We stayed very close to our cousins and so much of our shared childhood. It was often a game of “Got You Last” or if the “Kosich Brats” went to get flu shots with the “Jacques’ Brats” and Johnny fainting when he got his shot will always leave a lasting memory. Driving up to Grandma Flora’s house and praying all the way that it would snow (the next morning it snowed so much there was a faint line of green where my parent’s car had been). Sitting next to each other at the children’s table and then having to wait while Grandma or Pappy said the blessing and wondering who would laugh first before they finished. Sleeping in the tee pee that Grandma had made for us then having to sleep in the house because Johnny was afraid. (Oh yes, Johnny will say it wasn’t him but trust me, he was too afraid for sleeping outside of Grandma’s house).
Virginia Lois Kosich passed away on October 14, 1990 and is buried at Cherokee Memorial Cemetery.
We got together when my cousin Bobby passed away in Iowa on September 27, 2003 and we remaining kids had a dinner to honor his memory.
Johnny, Laurie, myself, Sam, Jim, Jackie and Tim at that event.
Jim, Mary, Little Johnny, Amanda, Allison, Dad, Jake, Donna and John on my dad’s 75th birthday.
My cousin Jim had married a lovely girl by the name of Mary and had two beautiful girls, Amanda and Jennifer. He passed away way too early in 2012 at the age of 52. He wrote to me in 2009 because he had found a picture of Grandma Flora on my Ancestry.com page and he said he just knew it had to be me that had put that up. I laughed and he began to share that he was starting to do some research on his Grandma Eva’s heritage and then he sent me all of the photographs of Uncle Ray on this page along with the recording of his father. I am so glad he shared that with me and I will continue to research some of Eva’s heritage for him.
My cousin Sally still lives here in Stockton, is married, and has two sons and 4 grandchildren.

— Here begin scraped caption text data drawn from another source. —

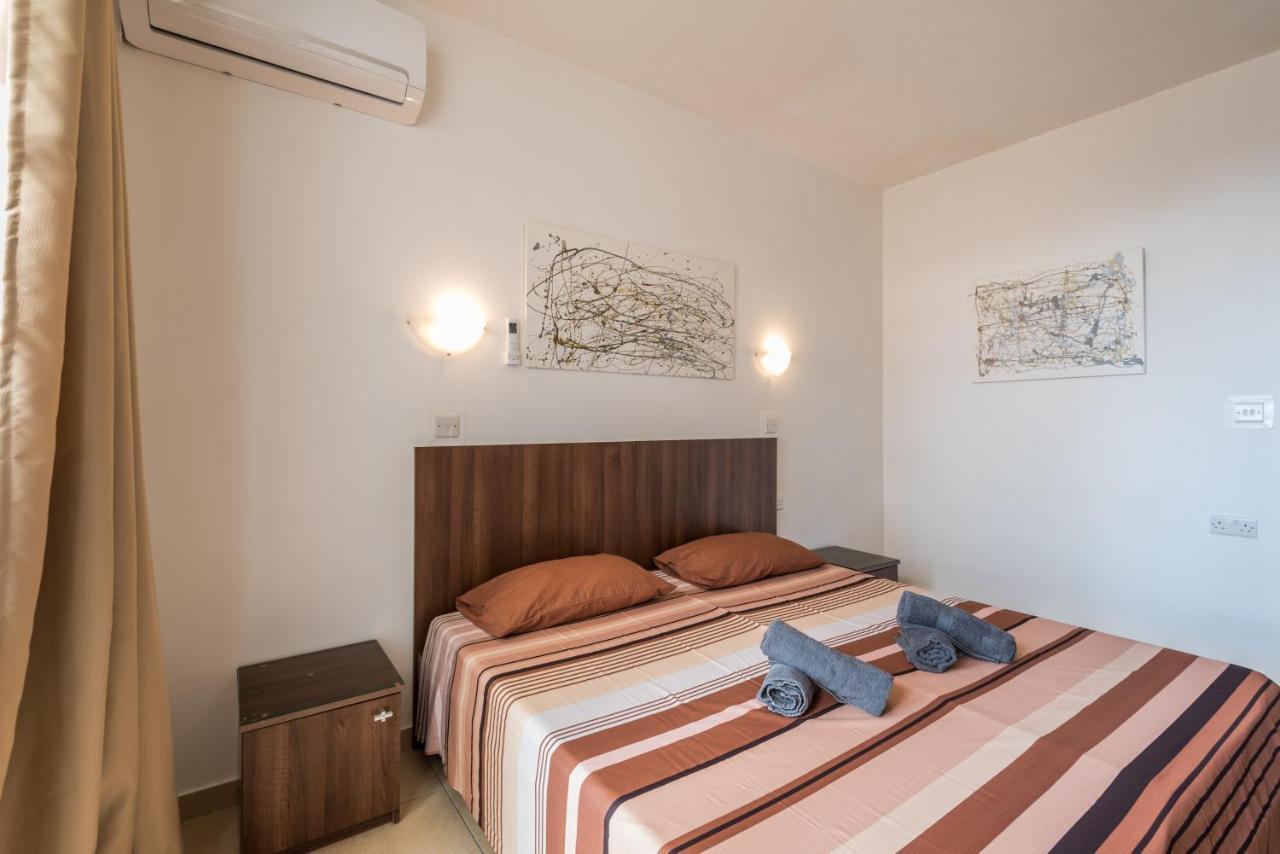 Seashells 2 Bedroom Apartment With Sunny Terrace With Stunning Sea Views - By Getawaysmalta St. Paul's Bay Exterior foto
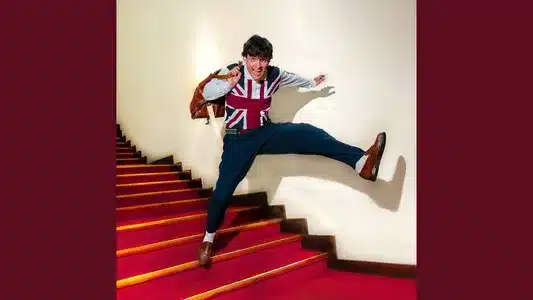 Glow Up Lyrics Translation - Britishboy | Lewis Potter | Reddy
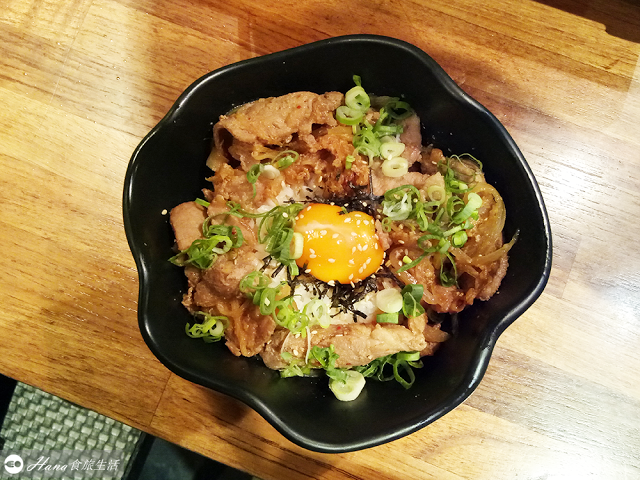 【新北三重】燒肉一筋 三重自強店 | 太久沒吃會想念的日式精緻單點燒肉 台灣僅此一家 推薦松阪豬、蔥蔥牛、雞汁海鮮湯、黑糖蜜麻糬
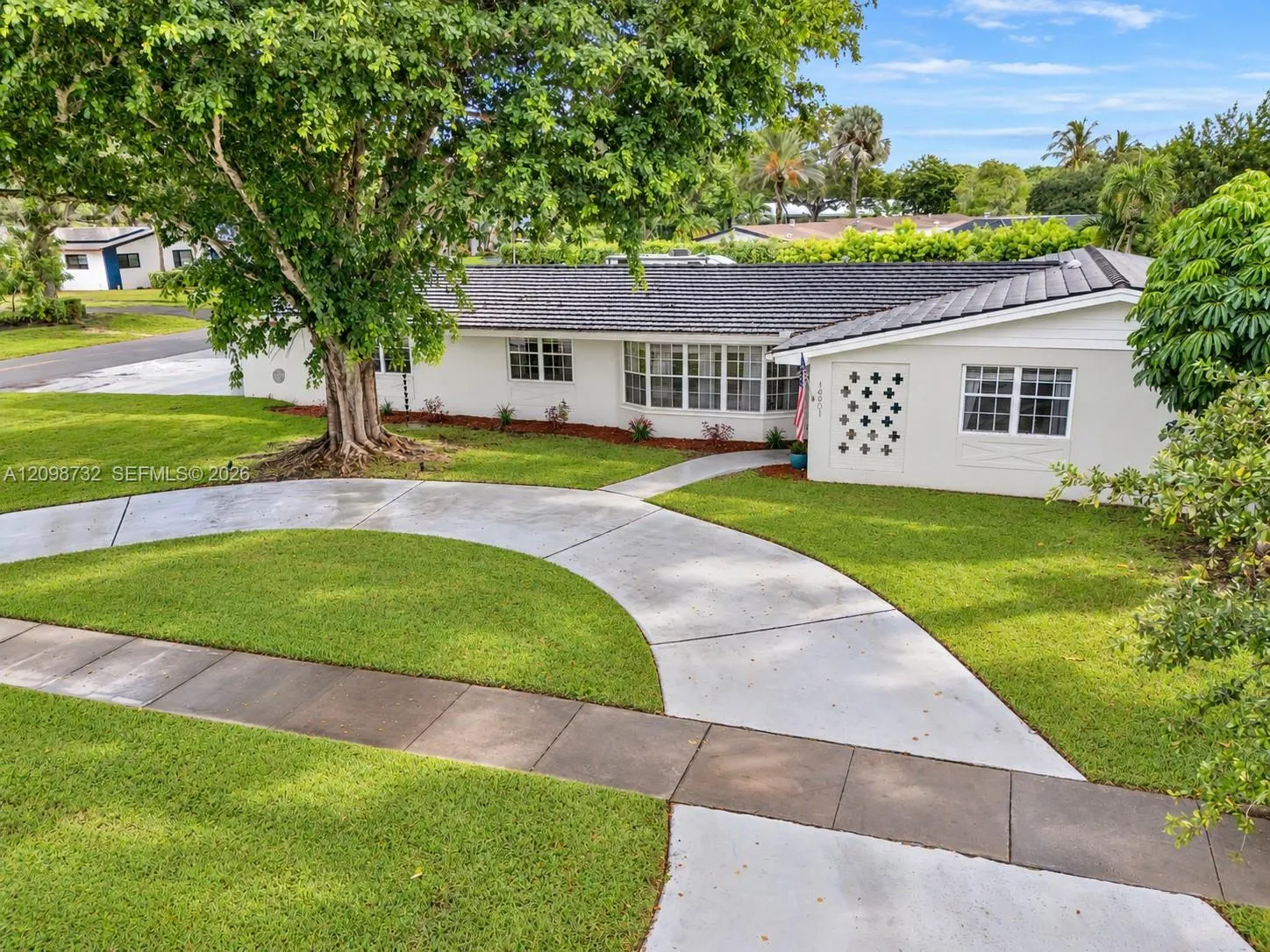 View details of listing 16401 SW 82nd Avenue, Palmetto Bay, FL 33157 Palmetto Bay with MLS# 
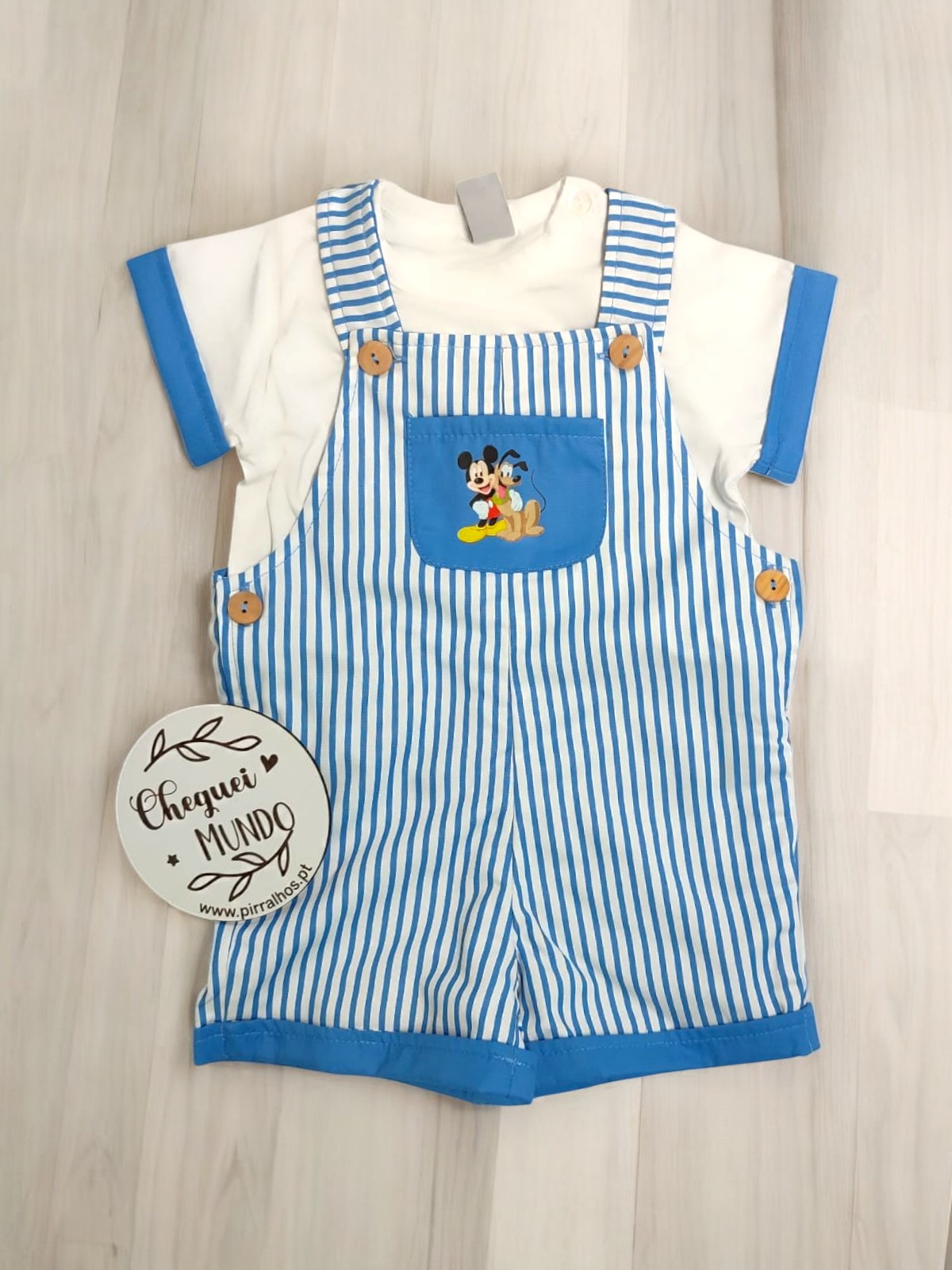 Conjunto infantil t-shirt branca com jardineiras riscas azuis e brancas com bolso azul e estampa Disney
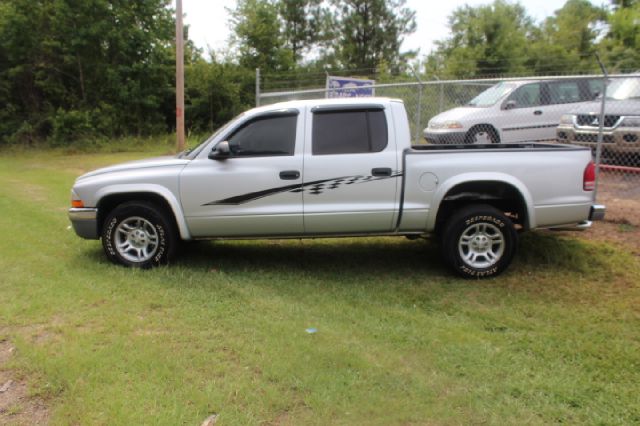 2004 Dodge Dakota LS ES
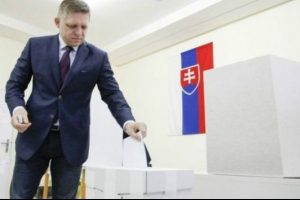 'Bir tek M&uuml;sl&uuml;man almayacağım' diyen Slovak lider &ccedil;oğunluğu kaybetti
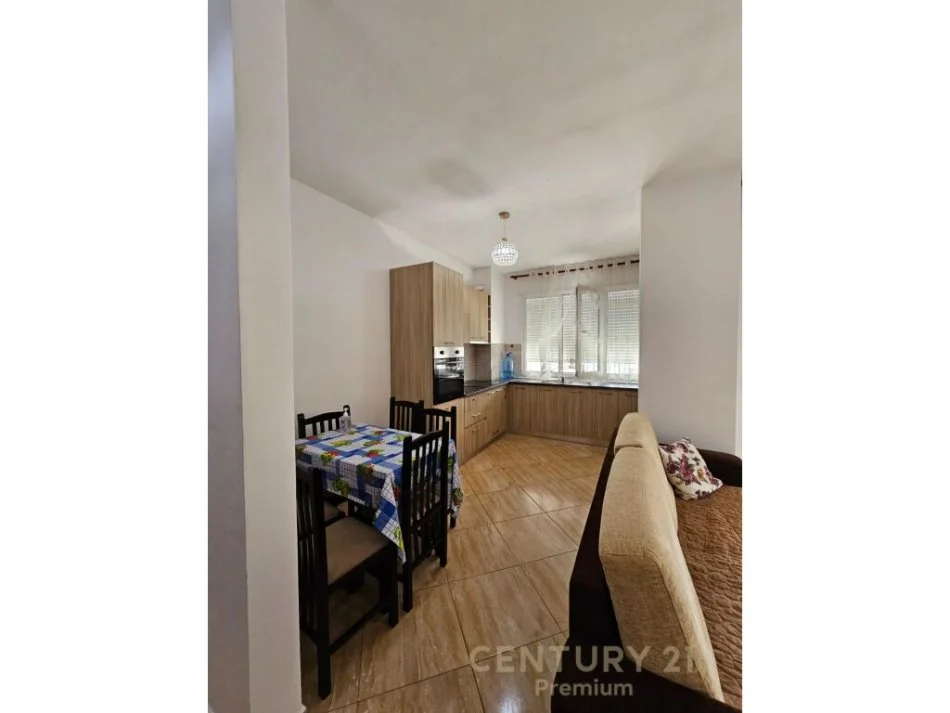 Tirane, jepet me qera apartament 2+1+Ballkon Kati 2, 90 m² 700 € (ne zonen e Liqenit të Thatë)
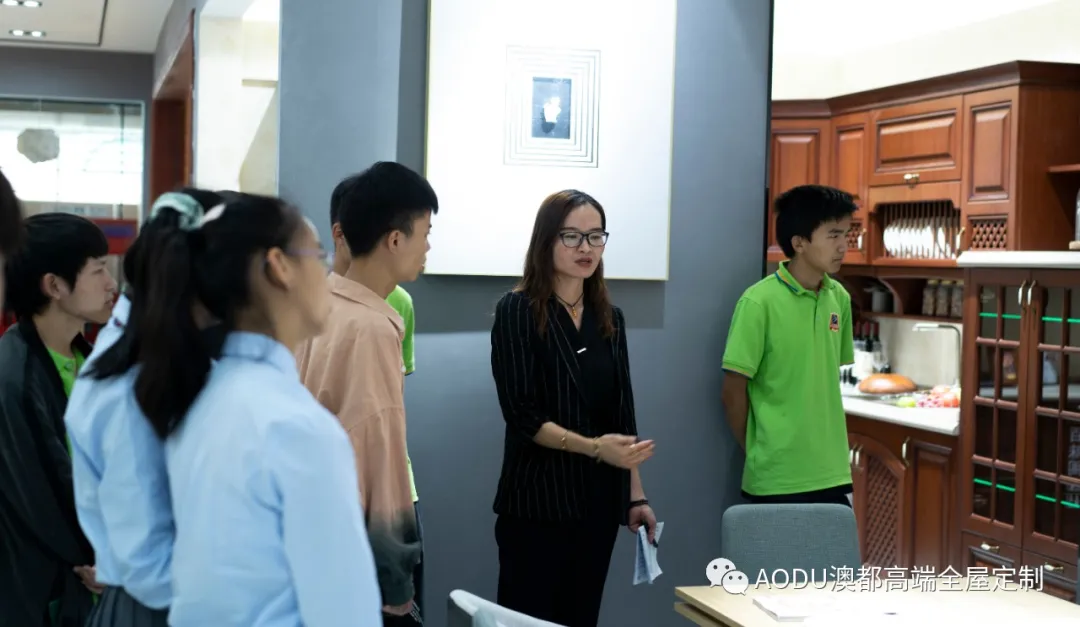 校企合作|云南新华电脑学校莅临澳都参观交流 校企合作|云南新华电脑学校莅临澳都参观交流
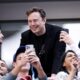 Fotografía de archivo del empresario Elon Musk (C) en el partido final masculino del Campeonato Abierto de Tenis de Estados Unidos, en el Centro Nacional de Tenis Billie Jean King de la USTA en Flushing Meadows, Nueva York, EE. UU., 08 de septiembre de 2024. EFE/EPA/Cj Gunther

Johnny is also married, lives in Stockton and has three children: John Jr., Allison and Jake.
Jackie and Johnny
Last year I helped my cousin Sam get his Native American I.D. card and saw him several times throughout the year. He passed away unexpectedly in July of 2015. It was so sudden and I just wasn’t prepared to have him leave us so soon.
Sam and his best friend Shiela
Virginia Lois Kosich and Raymond Samuel Kosich left a lasting legacy. Humans struggle with life and they were no different but they produced great children and as far as I can see their grandchildren are going to be spectacular people and it will go on and on.